Embedded systems are usually very limited in resources, so another computer is used to compile their own programs.
Compilers usually have all higher-level languages (like C) converted to a low-level (but still portable) Intermediate Representation, further compiled down to the assembly language of choice.
Alas, for GCC, that intermediate representation is internal, eventually exported as GIMPLE for debugging, but hardly ever re-imported back for compiling. The same program is in charge of parsing C's syntax then immediately generating the assembly.
To have different target assembly, GCC offers different binaries: one for each target architecture, such as avr-gcc for AVR, arm-none-eabi-gcc for ARM, mips-gcc for MIPS, riscv64-gcc for RISC-V 64-bit...
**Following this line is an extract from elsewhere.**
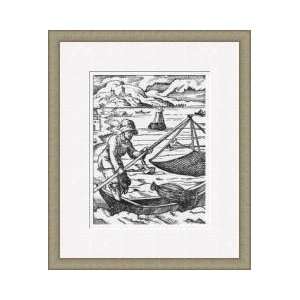  The Fisherman Framed Giclee Print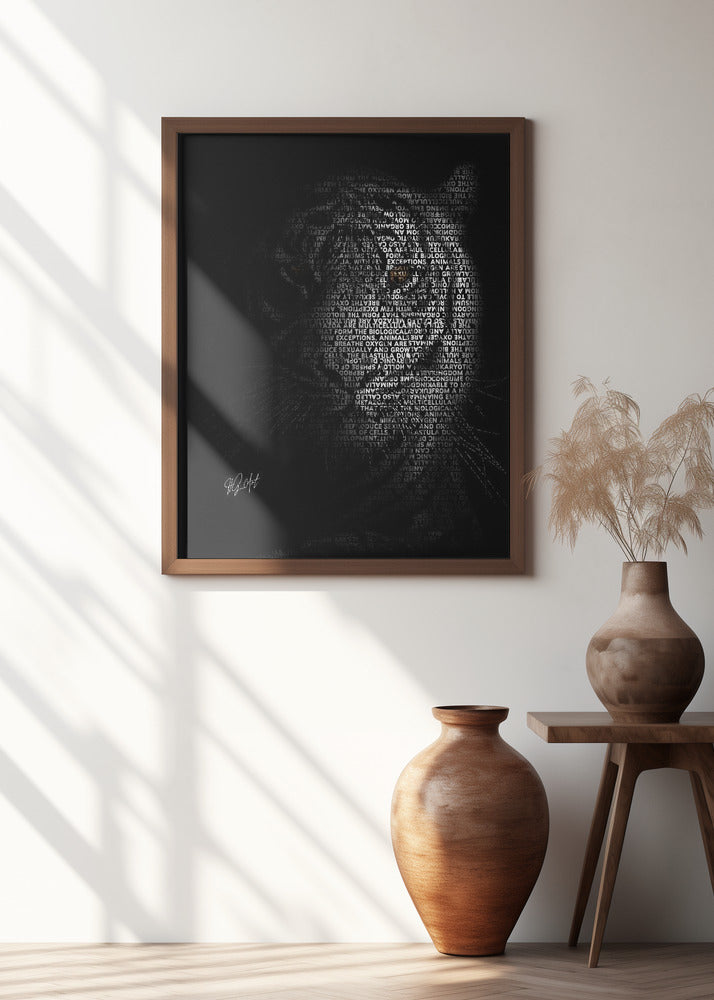 Canvas Art Print The Tiger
Each of these binaries is preconfigured to use the collection of tools with that same prefix, and the right C libraries.
There is nothing that require a binary to be produced on a CPU of the same architecture, and cross compilers are normal compilers. It is only for convenience that the GCC compiler running on an amd64 machine is named "gcc" instead of "amd64-gcc".
In the end, a "native" compiler is just a cross-compiler that happen to compile for the same architecture as the one running it: a amd64-gcc compiler is built with the same source and does the same thing regardless wheter it runs on an amd64, i386, or arm computer.